▶ **What to produce**: Will you write out, word for word, every line from the one with "1001 Wabash Ave., Mattoon, IL 61938" to the final line of the data below, with the pictures left out?

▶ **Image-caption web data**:
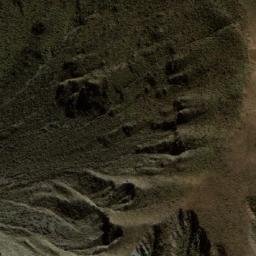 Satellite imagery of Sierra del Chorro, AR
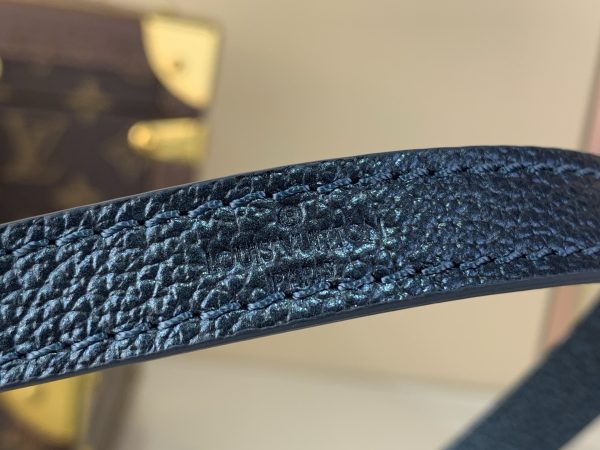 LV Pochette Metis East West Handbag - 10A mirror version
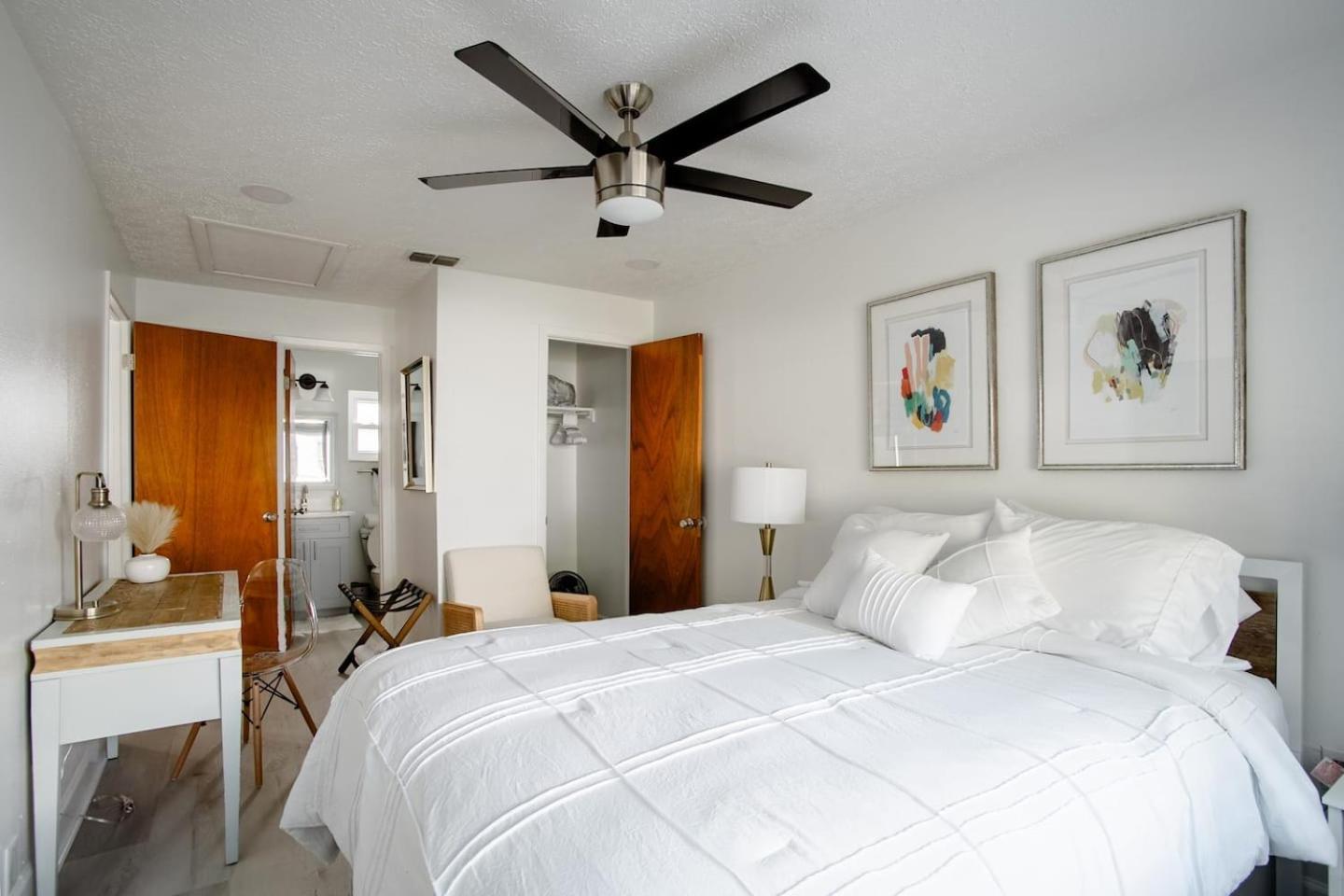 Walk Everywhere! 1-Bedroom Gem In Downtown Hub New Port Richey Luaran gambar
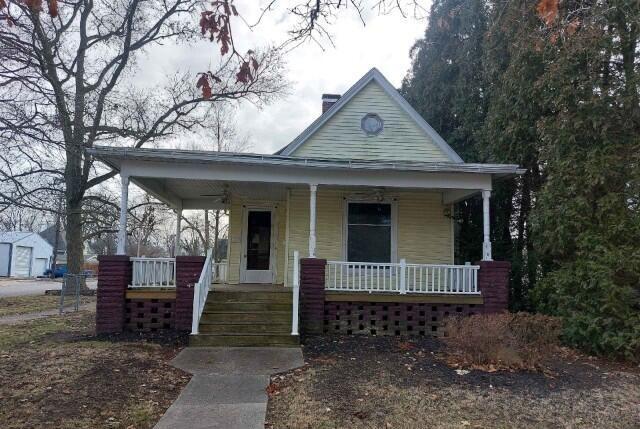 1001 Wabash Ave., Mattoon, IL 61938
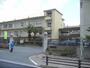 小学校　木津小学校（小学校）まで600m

▶ **Exercise solution**:
 1001 Wabash Ave., Mattoon, IL 61938
 小学校　木津小学校（小学校）まで600m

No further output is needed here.